Roland Jahn im Interview mit der Tageszeitung "Die Welt" vom 8. Oktober 2014

Roland Jahn wurde in der DDR wegen seiner Kritik am System bespitzelt, inhaftiert und später zwangsausgebürgert. Seit Januar 2011 ist er Bundesbeauftragter für die Stasi-Unterlagen. Ein Gespräch mit der Tagesszeitung "Die Welt" über den Begriff Unrechtsstaat, individuelle Verantwortung und die Vorwürfe seines Vaters.

Herr Jahn, war die DDR ein Unrechtsstaat?

Roland Jahn: Da gibt es keinen Zweifel. Die DDR war schon in ihrer Verfasstheit ein Unrechtsstaat. In der Verfassung wurde festgelegt, dass nur eine Partei eine führende Rolle hat, die es zu verteidigen gilt. Dazu hat diese dann die staatlichen Institutionen genutzt.

Warum tun sich viele Menschen mit diesem Bekenntnis so schwer?

Jahn: Das liegt auch an den Wortführern dieser Diskussion. Die SED-Funktionäre von damals nehmen im Nachhinein ein ganzes Volk in Haftung, wenn sie von "der ostdeutschen Biografie" sprechen und damit ein gemeinsames Gefühl suggerieren. Aber "die" Ostdeutschen gibt es nicht. Zwischen der Biografie eines SED-Funktionärs und eines Pfarrers gibt es große Unterschiede.

Worum geht es eigentlich?

Jahn: Es geht um das Verhältnis, das Menschen zum Unrechtsstaat hatten. Damit wollen sich viele nicht auseinandersetzen, aus Angst oder Verdrängung. Als ich als Journalist kurz nach dem Mauerfall erstmals mit der Kamera wieder in der DDR war, habe ich einen Gefängnisdirektor nach politischen Häftlingen befragt und der sagte: "Ich war doch nur für Ordnung und Sauberkeit zuständig."

Aber es gab ja auch welche, die ein normales, unauffälliges Leben geführt haben.

Jahn: Man muss klar unterscheiden zwischen einem Staat und einer Gesellschaft. Die Menschen in der DDR haben versucht, im Unrechtssystem zurechtzukommen. Sie haben Biografien, denen ich hohen Respekt zolle, gerade, weil es ein Unrechtssystem war. Sie mussten darin einen Weg für sich finden. In der Diskussion wird jetzt suggeriert, dass eine Kritik an diesem System auch eine Kritik an ihren Biografien ist. Das ist es nicht.
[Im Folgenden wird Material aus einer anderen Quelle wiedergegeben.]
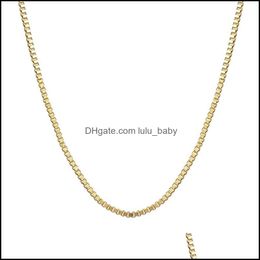 Chains Necklace Men Stainless Steel Long Gold Chain Gifts For Male Accessories Hip Hop Jewellery On The Neck 612 Q2 Drop Deliv Lulubaby Dhnjv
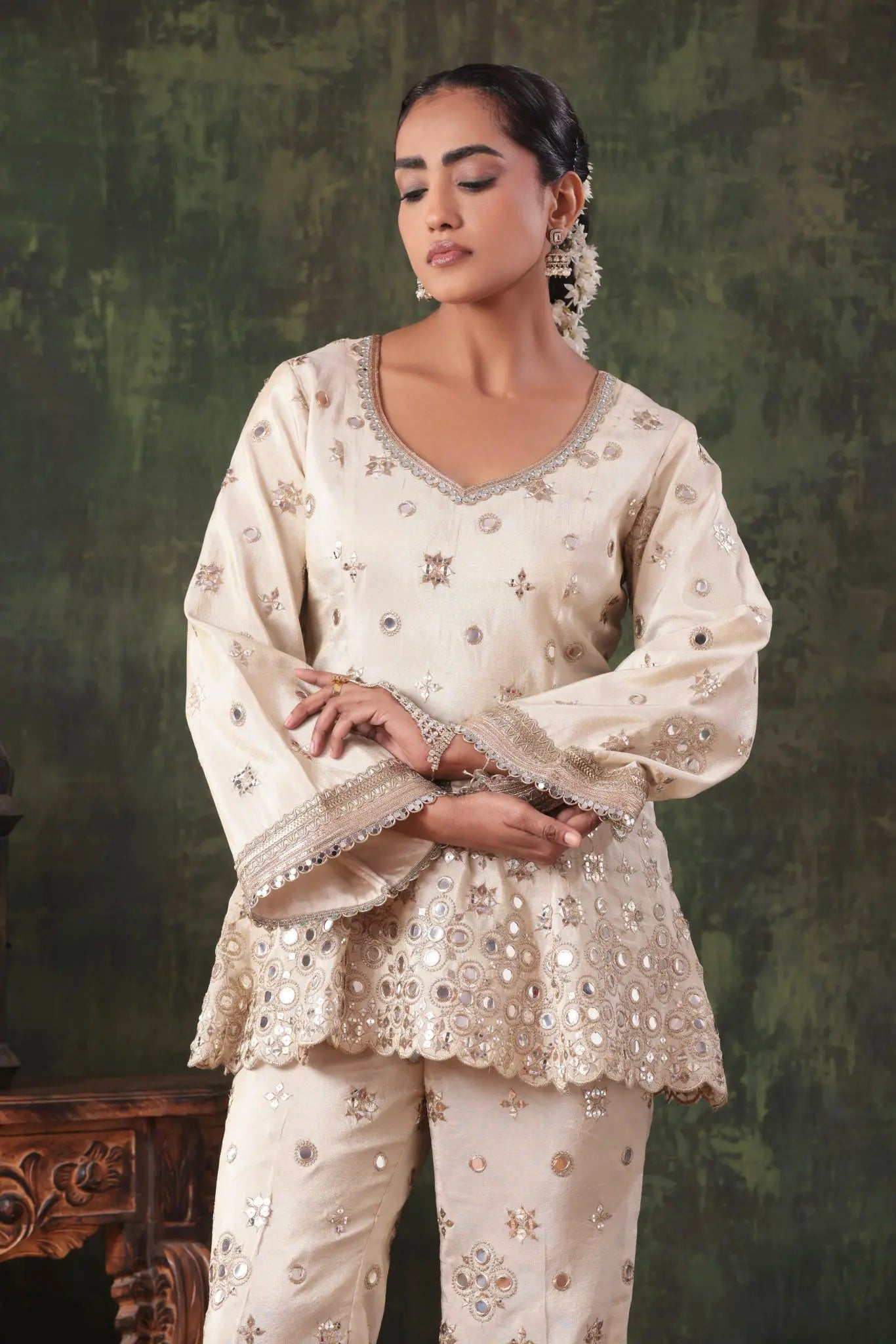 The Ivory Mirror Peplum Set Arzoo Essentials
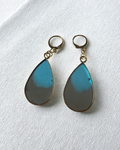 Gold Teardrop with Blue & Gray Epoxy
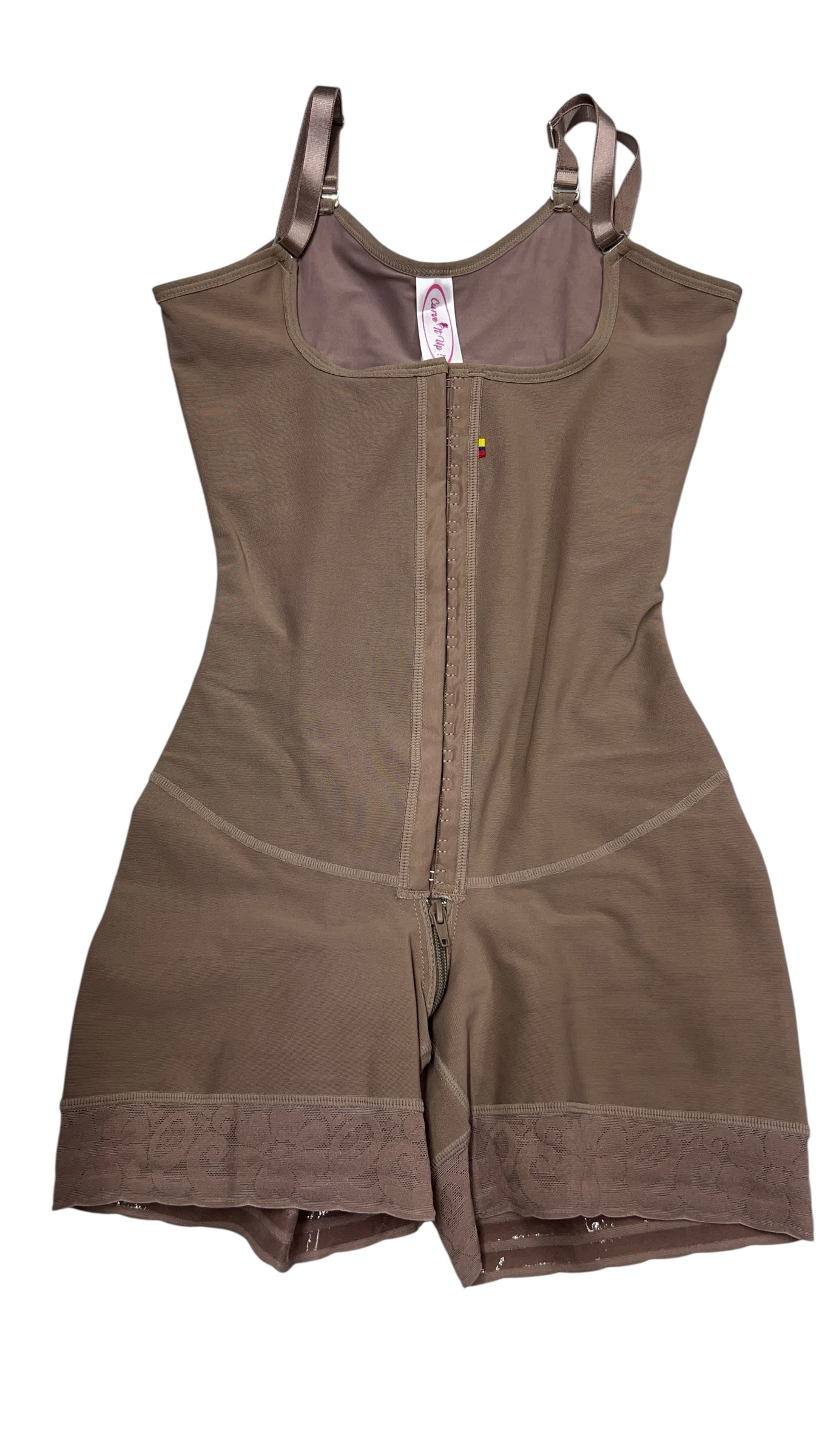 FB724-2zp Faja Short Style High Compression Garment with Thin Adjustable Straps and Triple Hook Closure - Bonita Shape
Aber wir haben bis jetzt keine offene Diskussion darüber, in welchem Verhältnis die Menschen zu diesem Staat gestanden haben.
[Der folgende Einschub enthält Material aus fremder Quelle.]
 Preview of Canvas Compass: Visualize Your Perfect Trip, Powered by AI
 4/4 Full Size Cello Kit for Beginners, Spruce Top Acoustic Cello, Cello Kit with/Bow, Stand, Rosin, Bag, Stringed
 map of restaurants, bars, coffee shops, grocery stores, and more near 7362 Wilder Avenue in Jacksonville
Was wäre für eine solche Diskussion notwendig?

Jahn: Ein Bekenntnis zur Biografie. Und zu dem, wie man in der DDR gelebt hat. Ein Rechtsanwalt kann sich fragen, warum er damals nicht erkannt hat, dass das ganze Justizsystem ein Schauspiel war. Warum hat er nicht aufbegehrt gegen Strafgesetze, die schon im Wortlaut deutlich machen, dass die Meinungsfreiheit unterdrückt wird? Warum ist nicht aufbegehrt worden gegen Mauer und Schießbefehl? Wer dieses Verhältnis für sich nicht geklärt hat, wird weiter versuchen , den Begriff Unrechtsstaat abzulehnen.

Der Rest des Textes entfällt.